I believe that a number of services will be built on top of the BIGSI engine moving forwards. I am currently working on one for TB that allows you to look for related strains, drug resistance mutations and so on.
Other obvious things are automated ‘typing’ (microbiologists and epidemiologists classify bacteria according their sequence, so they essentially have lookup lists checking for certain sequences), and global surveillance of drug resistance (especially as well-controlled structured surveys start to emerge, adding good metadata for where the samples were taken).
How do you plan to ensure that those working in these areas are aware of BIGSI and its potential?

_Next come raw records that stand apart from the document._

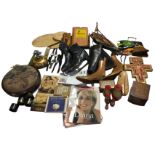 Miscellaneous collectors items including wood shoe trees, Princess Diana gear, a pair of leather ice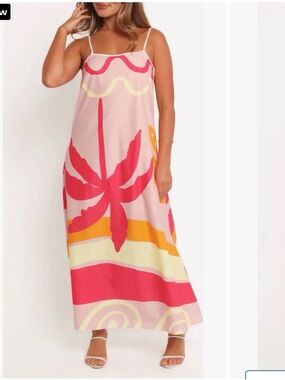 Petal & Pup Pink Maxi Dress with Bold Coral and Yellow Floral Print
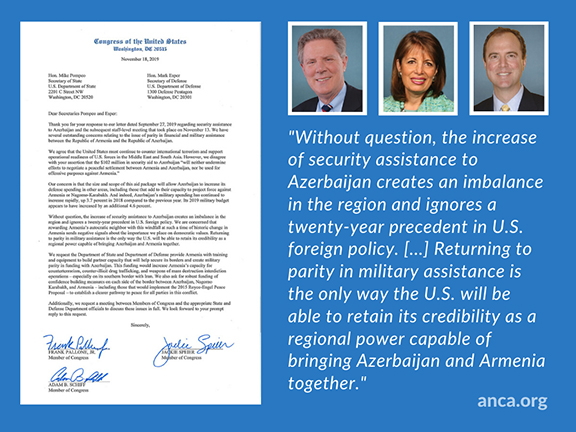 The ANCA is in support of the Congressional Armenian Caucus Campaign to restore U.S. military aid parity to Armenia and Azerbaijan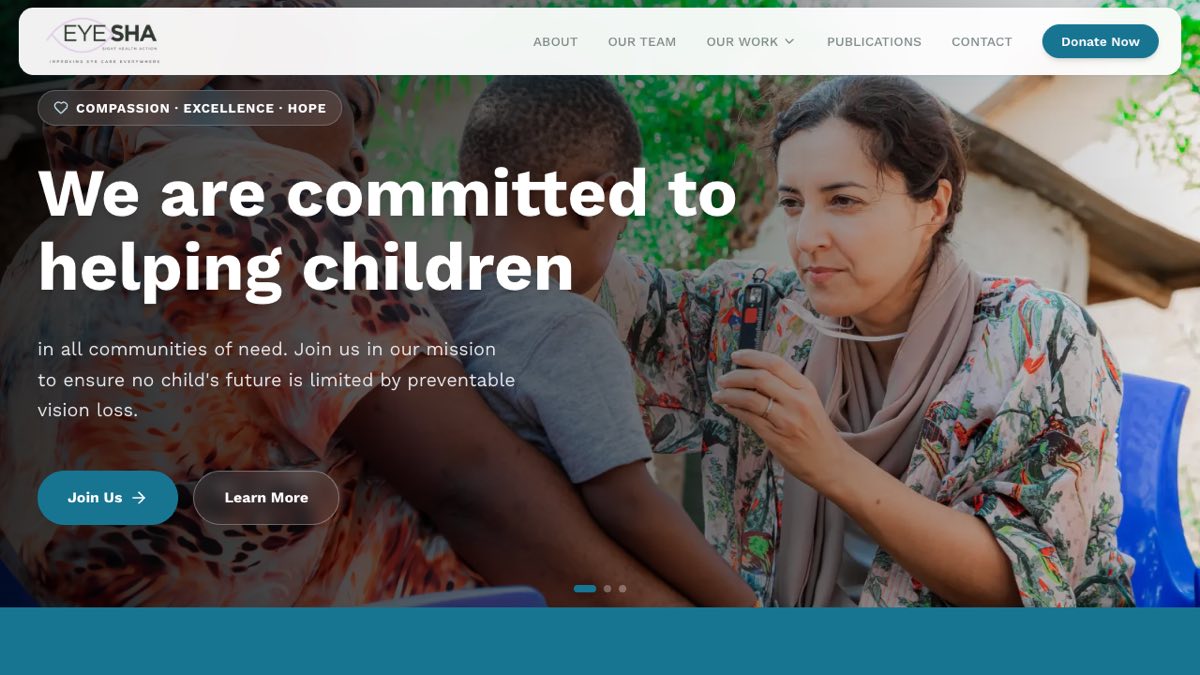 Eyesha homepage with the headline We are committed to helping children and a clinician screening a young child's eyes with a handheld device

We have built a demo, and we have indexed a snapshot of the global data. I work at the European Bioinformatics Institute (EBI), whose mission is to make the world’s biological data available and useful. We are therefore now in the process of building a live-system that keeps up with the data as it comes in. When we indexed our snapshot for the paper in December 2016, there were 450,000 bacterial and viral datasets (we indexed both). Now, there are about 1.2 million that have been indexed by us so far, and once we have absorbed the backlog, keeping up with inflow shouldn’t be a problem. At the same time, we can start to build some services on top, so people can access them via the web or via computer programs.

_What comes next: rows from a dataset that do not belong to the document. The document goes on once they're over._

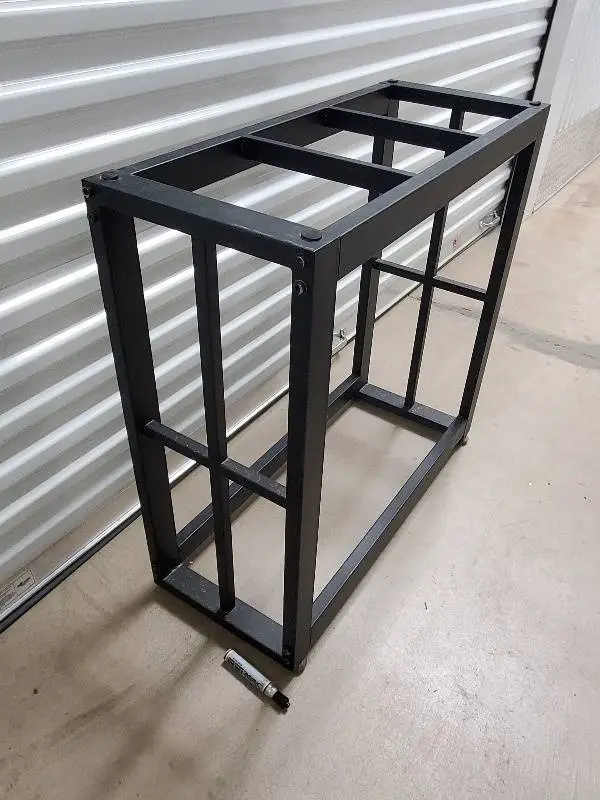 Black Powder-Coated Industrial Metal Frame Stand - Open Frame Rack Base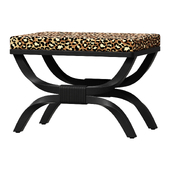 Stool pouffe SERPETTE BLACK LEOPARD STOOL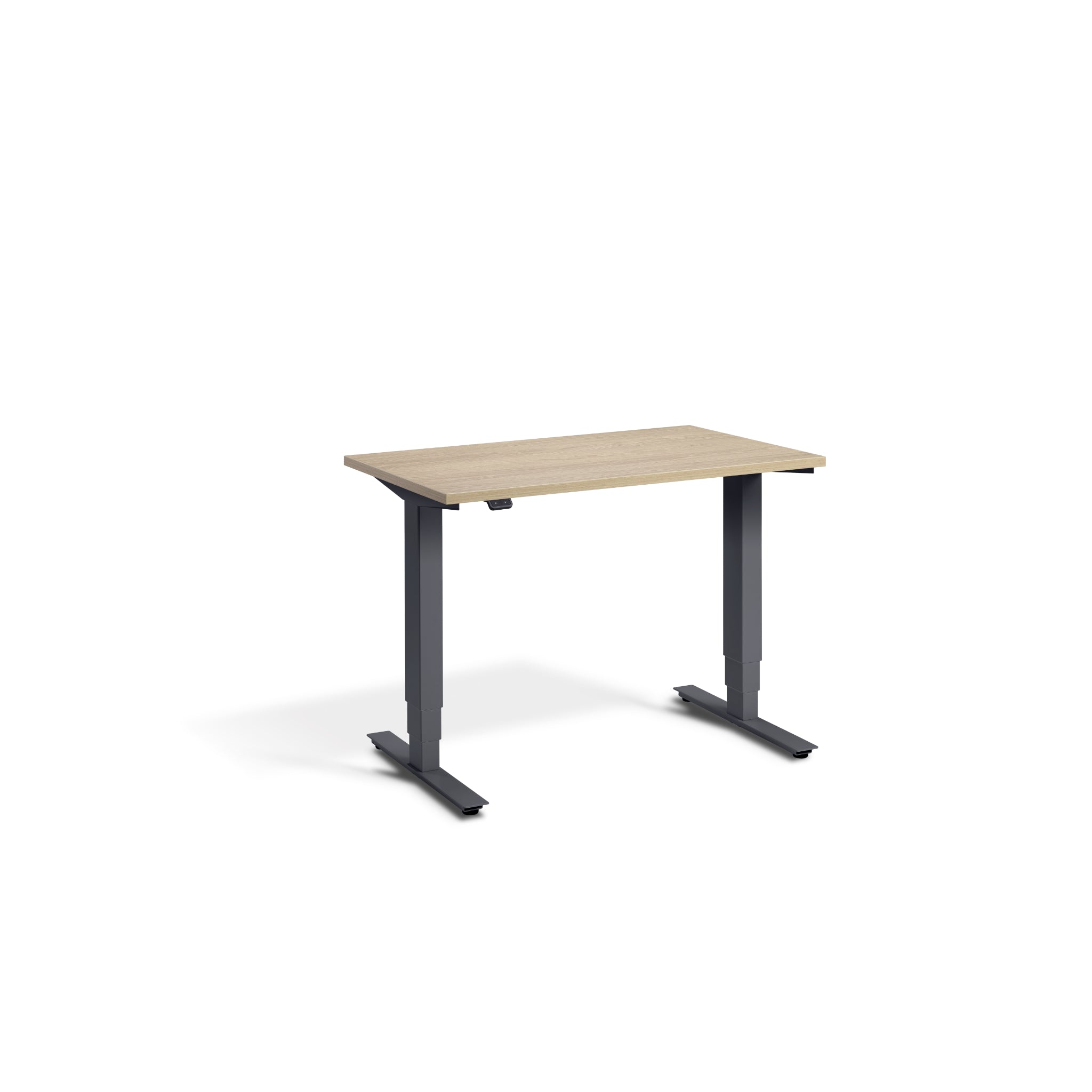 Quiet Compact Desk with Anthracite Frame and Natural Oak Desktop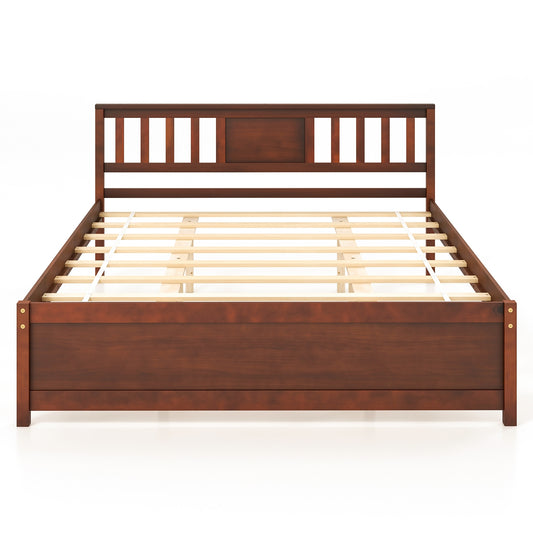 Wooden Platform Bed With Headboard, Queen Size, Walnut Simple Bed Frame Walnut at Gallery Canada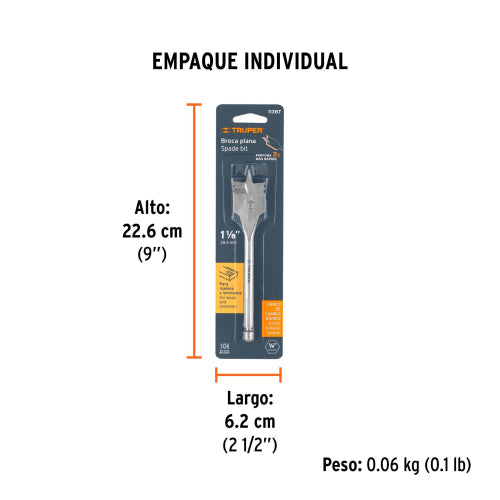Broca Plana BPT-1-1/8 para Madera - Corte Perfecto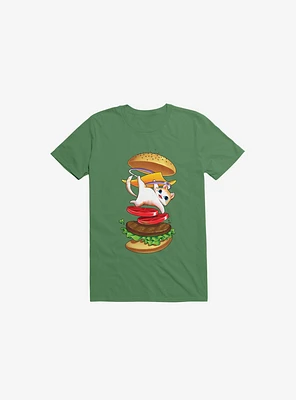 Hamburger Cat Kelly Green T-Shirt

EBI has over 3 million scientific users per month (see: https://www.ebi.ac.uk/about/our-impact) and so we have a direct route to a lot of users already.

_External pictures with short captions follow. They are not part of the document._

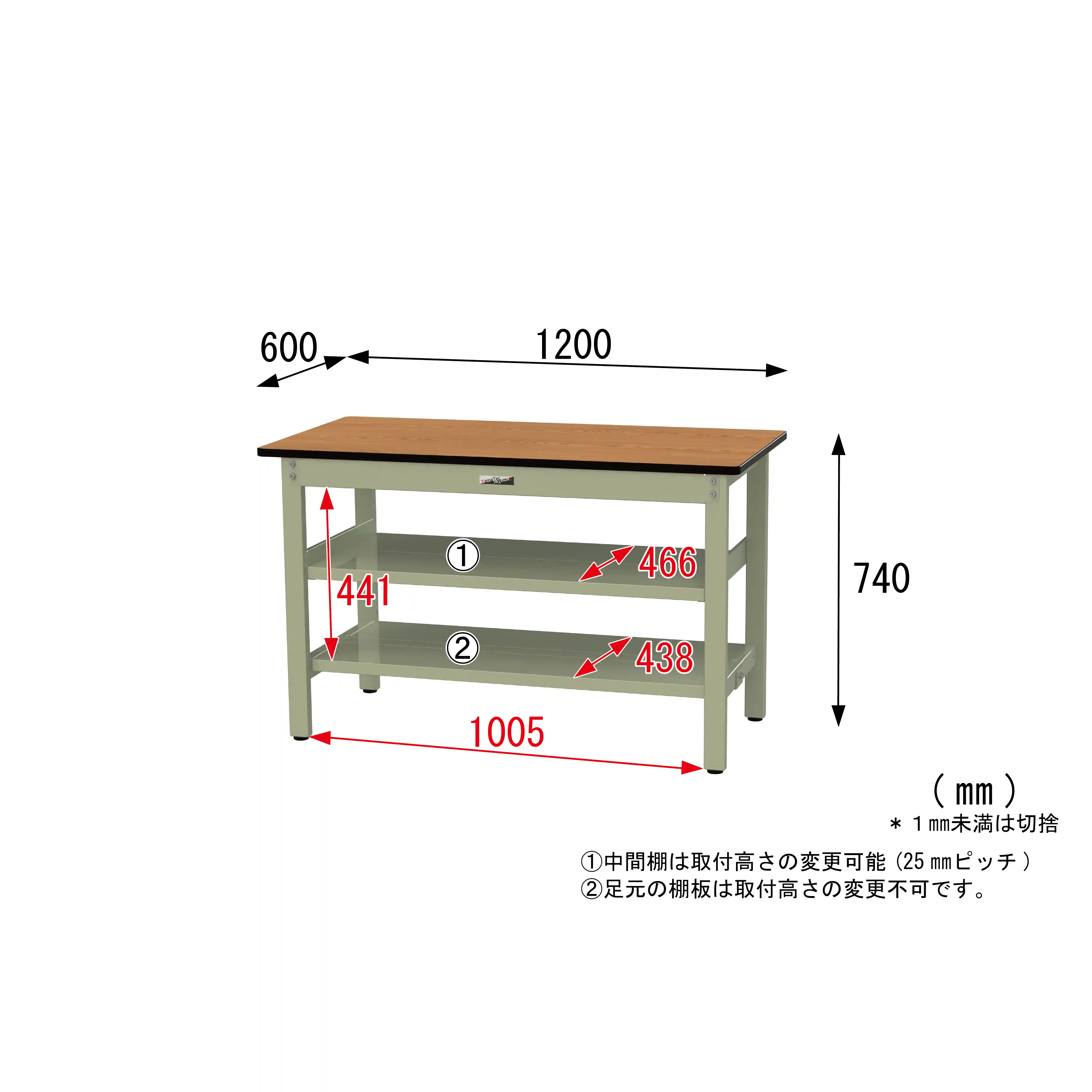 500シリーズ 固定式 中間棚付 H740mm(上下段全面棚板)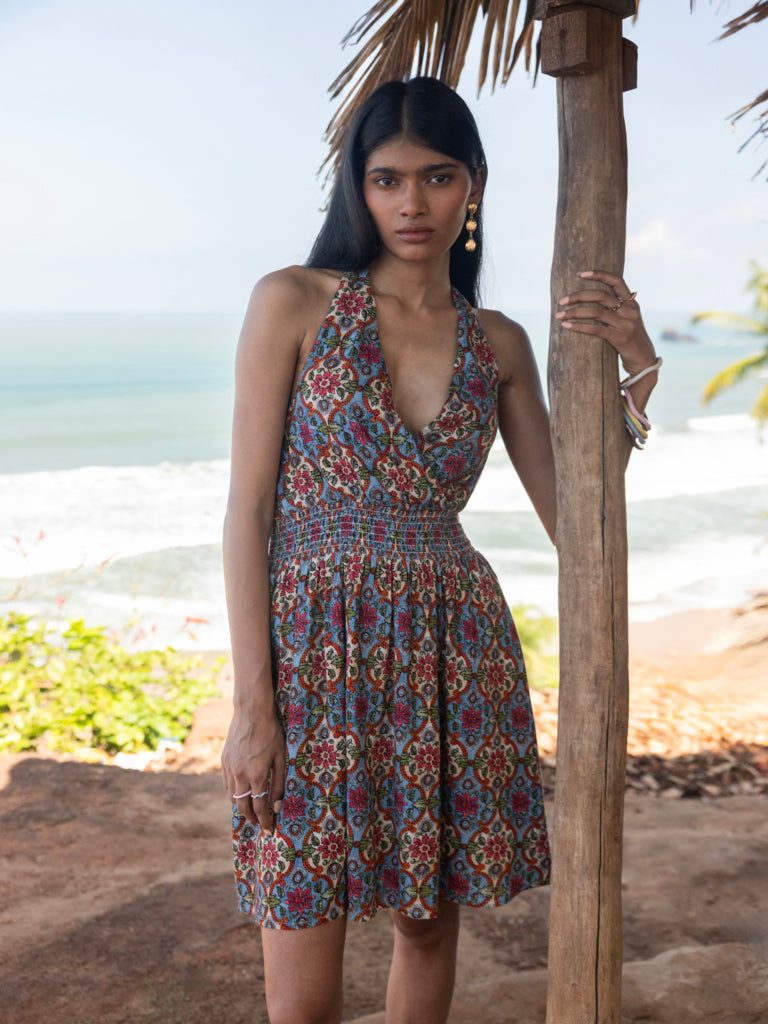 Bombay Paisley Blue Floral Printed A-Line Dress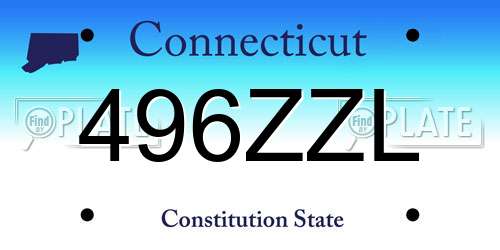 496ZZL Connecticut License Plate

Given that the amount of sequenced microbial DNA data is doubling every two years, will BIGSI continue to evolve to incorporate this? What challenges will this involve?
Yes, it will, and BIGSI was built with this in mind. The system is set up to be incrementally augmented. We also have a background project which we started 18 months ago to work on a second version of BIGSI which is much more efficient, and that is progressing well, so I am reasonably confident we can keep ahead of the curve.
Moving forwards, is it likely that genome sequencing will become more widespread and utilised in various sectors outside of the basic research environment
Yes! Clinical tests, food standard tests, tests when you land in Australia, tests when you leave quarantined farms, etc.
How, then, do you see BIGSI developing in the future to be able to cater for this? And, in a more general sense, what are your hopes for the future of BIGSI?
BIGSI is not the end of the line; it is just the beginning. Once you’ve shown something is possible, someone smarter always finds a better way of doing things, and there are a lot of people out there much smarter than us. Now that people see it is an issue, and they can download and look at the data and understand how it is different to the English language and to human genomes, new ideas will flourish. We have ideas and will push them, and we look forward to the field itself flourishing and learning from others.
Personally, I want us at EBI, the home of the archives, to provide BIGSI and, in the future, better-than-BIGSI services, ideally with layers of services on top.